◆ **Exercise instructions**: Could you set down the listing below exactly and omit its images?

◆ **Given material**:
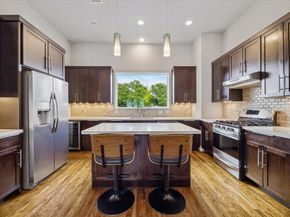 864 Wakefield Drive E, Houston TX 77018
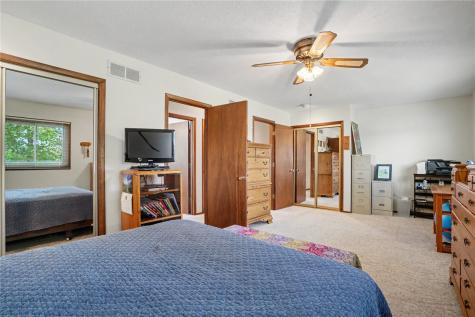 1129 25th Street Cedar Rapids IA 52403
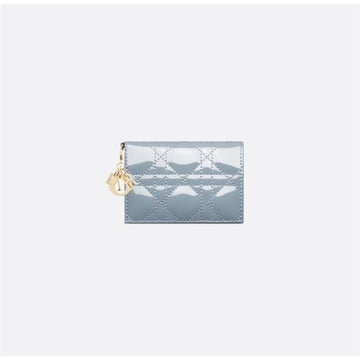 DIOR Christian Lady Flap Kreditkartenetui aus Kalbsleder in Cloud Blue 0011OVRB 75887655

◆ **Task output**:
 864 Wakefield Drive E, Houston TX 77018
 1129 25th Street Cedar Rapids IA 52403
 DIOR Christian Lady Flap Kreditkartenetui aus Kalbsleder in Cloud Blue 0011OVRB 75887655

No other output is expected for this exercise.